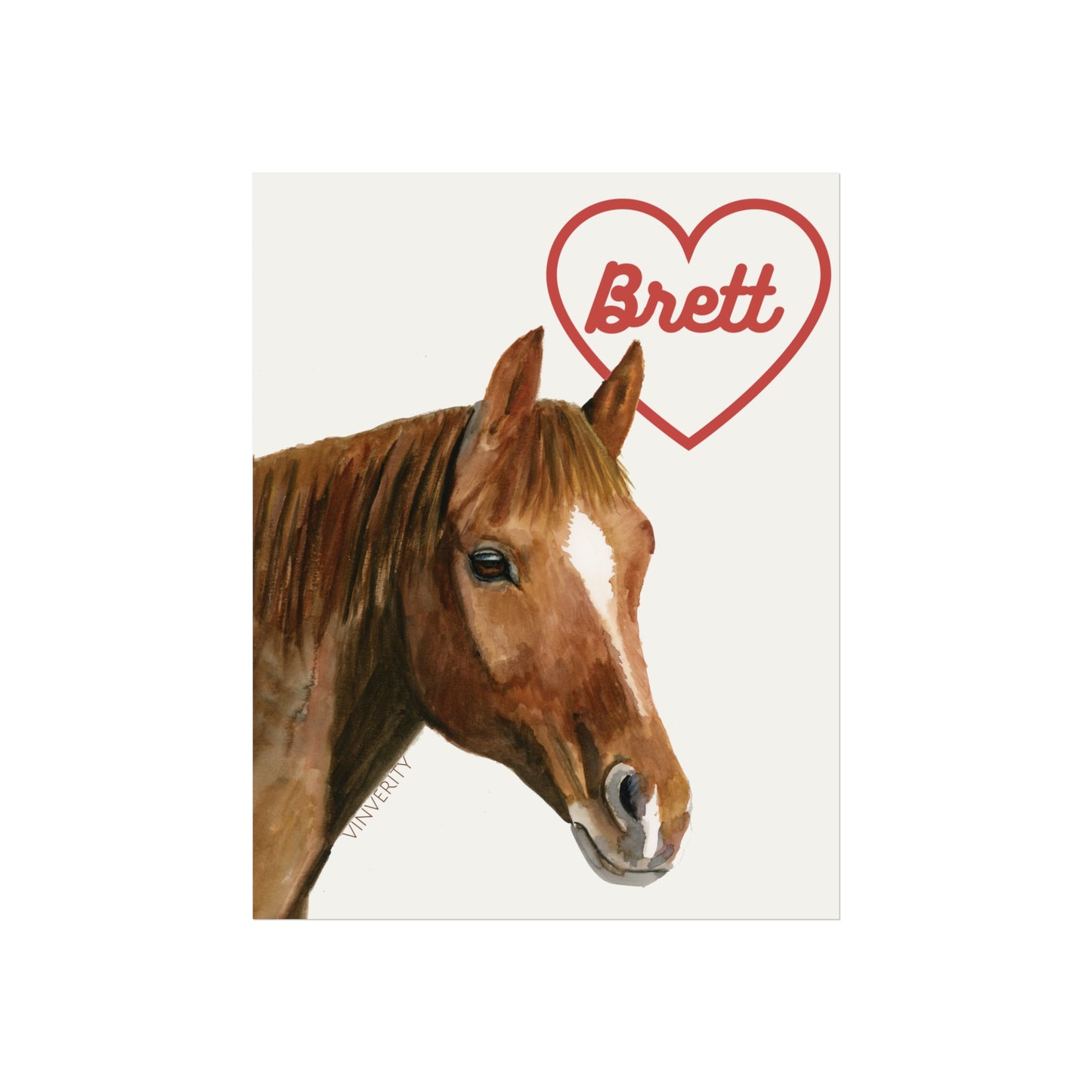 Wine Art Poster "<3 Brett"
-----
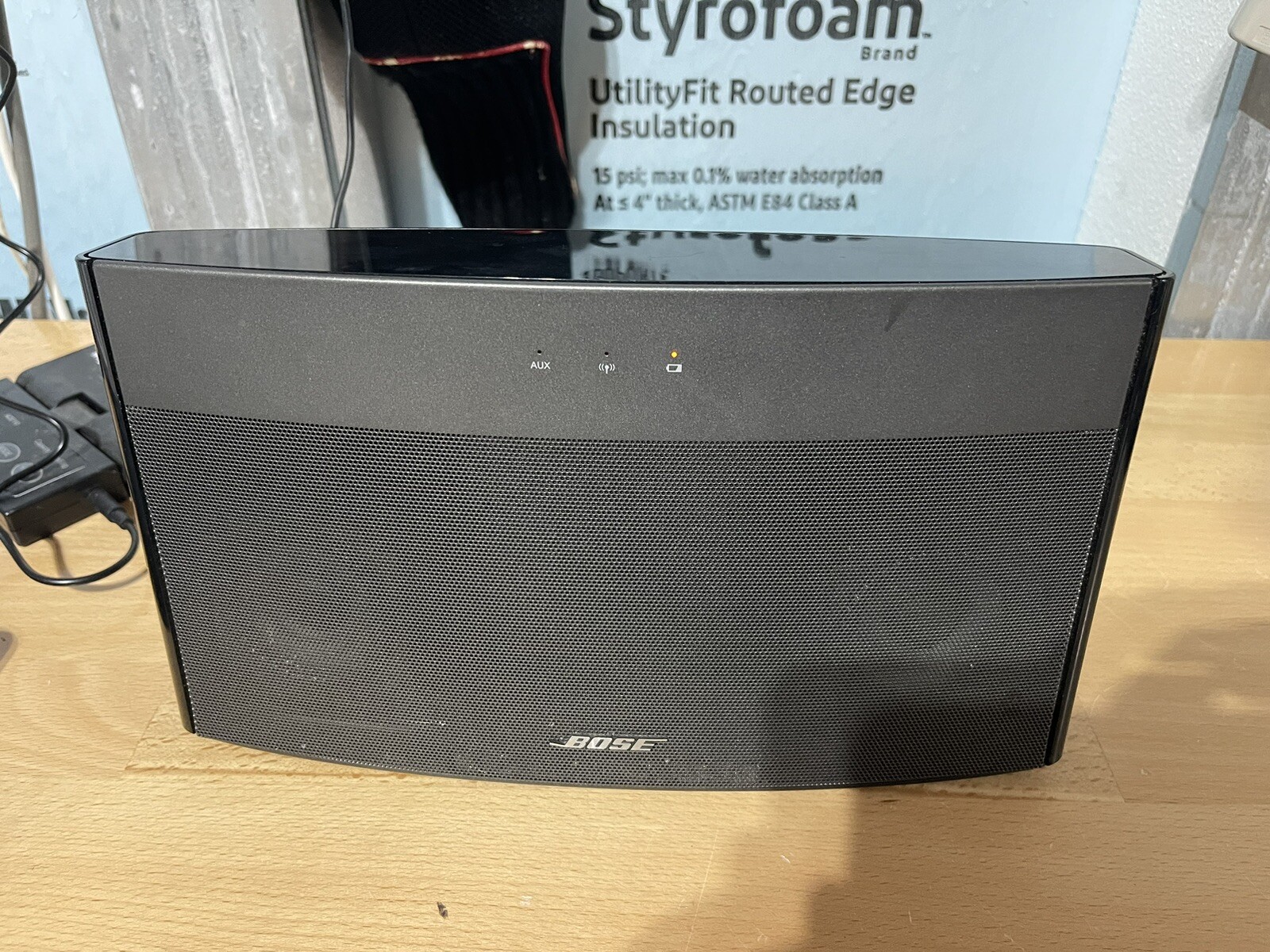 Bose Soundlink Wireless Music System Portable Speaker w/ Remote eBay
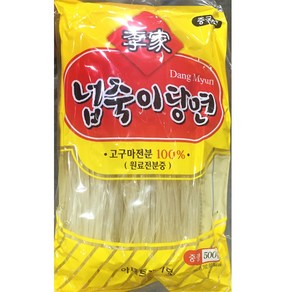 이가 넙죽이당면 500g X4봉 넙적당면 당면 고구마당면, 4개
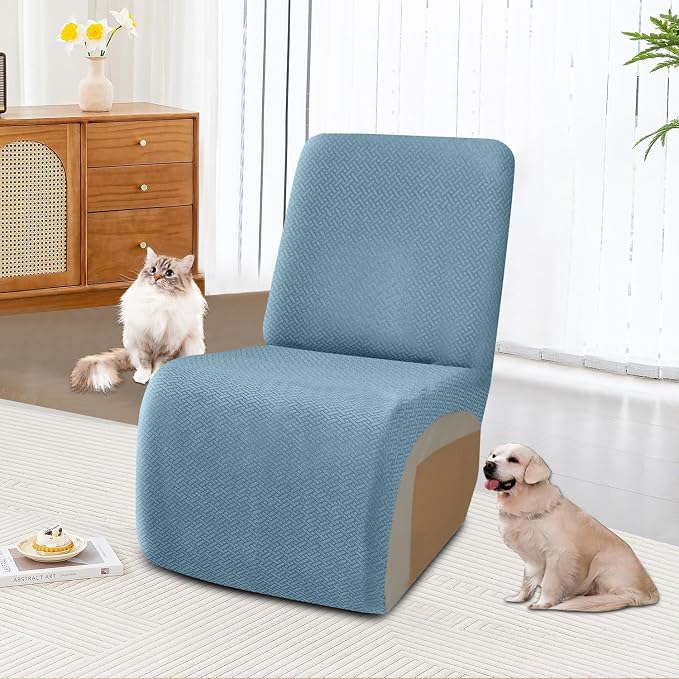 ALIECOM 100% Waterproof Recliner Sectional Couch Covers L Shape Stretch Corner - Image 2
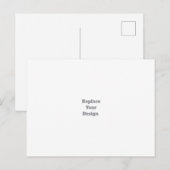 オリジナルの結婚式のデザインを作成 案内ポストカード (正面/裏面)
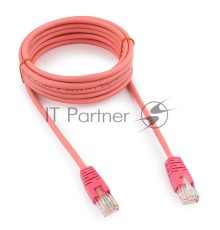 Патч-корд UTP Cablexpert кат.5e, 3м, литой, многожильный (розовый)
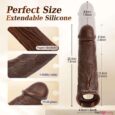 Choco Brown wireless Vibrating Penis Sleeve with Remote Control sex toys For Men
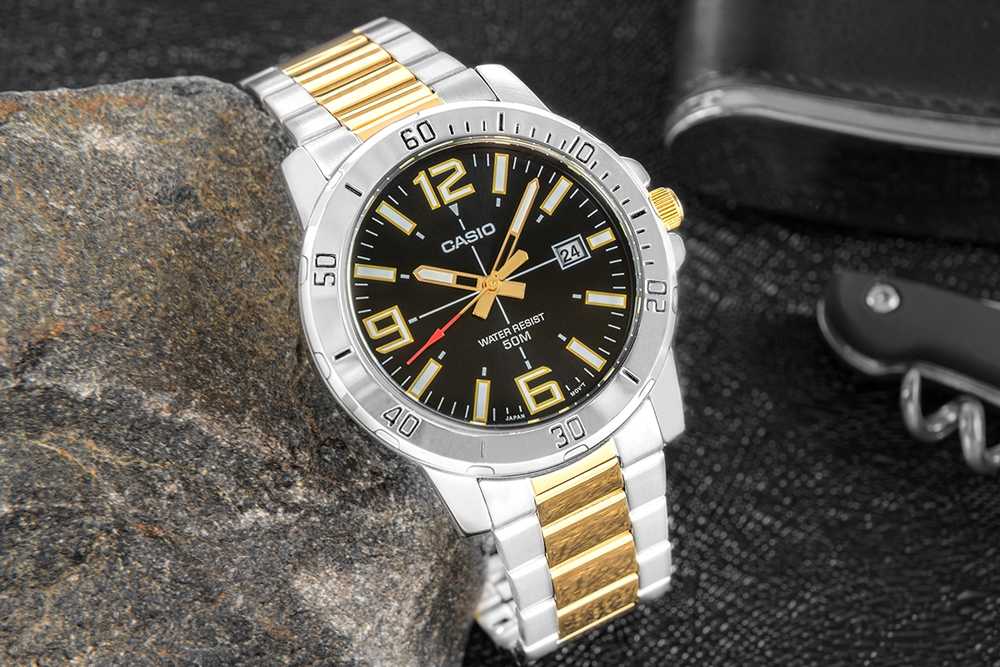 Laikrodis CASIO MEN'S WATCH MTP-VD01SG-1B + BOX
-----
- WORK TO BE COMPLETED -
From the records above, return exactly the lines running from the one that contains "Bose Soundlink Wireless" down to the one that contains "Laikrodis CASIO MEN'S", both included, without any pictures.

- RESULT FOR THIS EXERCISE -
 Bose Soundlink Wireless Music System Portable Speaker w/ Remote eBay
 이가 넙죽이당면 500g X4봉 넙적당면 당면 고구마당면, 4개
 ALIECOM 100% Waterproof Recliner Sectional Couch Covers L Shape Stretch Corner - Image 2
 オリジナルの結婚式のデザインを作成 案内ポストカード (正面/裏面)
 Патч-корд UTP Cablexpert кат.5e, 3м, литой, многожильный (розовый)
 Choco Brown wireless Vibrating Penis Sleeve with Remote Control sex toys For Men
 Laikrodis CASIO MEN'S WATCH MTP-VD01SG-1B + BOX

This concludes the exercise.